Он услышал, как Филон говорит о слепой любви Антония, демонстрируя публике, как младший офицер осуждает недостойное поведение своего командира.
Потом зазвучали трубы. Вейн скорее почувствовал, чем увидел, рядом с собой Фелисию, взял ее за руку и наконец осознал, что он стоит, окруженный большой (и роскошной) свитой, которая должна сопровождать их в первой сцене.
Впереди шествовали четыре молодые женщины в прозрачных одеждах («чтобы немного встряхнуть старичков в зале», сказал Филип Чагрин), за ними – несколько темнолицых мужчин в золотых тюрбанах и ярких восточных одеждах, изображавших евнухов Клеопатры («Боюсь, что они на самом деле евнухи», – жаловался Филип, очевидно, не сумев уговорить ни одного из них лечь с ним в постель).
Вейн шагнул на ярко освещенную сцену, не слыша аплодисментов публики, только чувствуя, как его обдало мощной теплой волной, исходившей от тысяч людей, находившихся в зрительном зале.
Краем глаза он видел Лисию; взгляд ее огромных, темных глаз, оттененных гримом, был обращен к нему; на ее губах блуждала насмешливая, игривая улыбка, будто она говорила собравшимся придворным и воинам Антония: «Он только покинул мою постель». Она в совершенстве владела мимикой и умела изобразить на своем лице выражение, которое появляется у женщины, когда она провела ночь со своим возлюбленным – никто не мог сделать это лучше, чем Лисия – ни на сцене, ни в реальной жизни. Когда они были тайными любовниками, Вейн обливался холодным потом всякий раз, когда Лисия улыбалась ему на людях, потому что в ее улыбке было совершенно четкое признание вины.
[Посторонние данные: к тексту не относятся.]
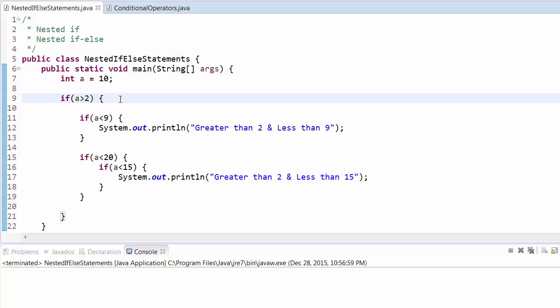Let's take an example. We have a equal to 10. First it checks whether a is greater than 2. Yes it is, then it will check another if statement: whether it is less than 9. It is not, then it will go to another if and check if a is less than 20.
Сейчас он тоже обливался потом под гримом, сосредоточенно шагая в своем великолепном костюме и золотом лавровом венке к центру сцены, делая вид, что не обращает внимания на игривые взгляды идущей рядом с ним женщины: Антоний был римлянином, и чувство собственного достоинства было важно для него, как и для его сторонников. Как бы он ни тешил свое самолюбие тем, что прекрасная царица была с ним рядом, он все равно хотел соблюсти приличия, несмотря на ее поведение игривой кошки.
Он вышел на авансцену; слова его роли по-прежнему не приходили ему на память. Он чувствовал себя как осужденный на казнь человек в тот момент, когда везущая его к гильотине повозка застряла на дороге. Он хотел, чтобы евнухи продолжали размахивать опахалами, а девушки танцевать – что угодно, только бы оттянуть неизбежный момент, когда он должен будет открыть рот…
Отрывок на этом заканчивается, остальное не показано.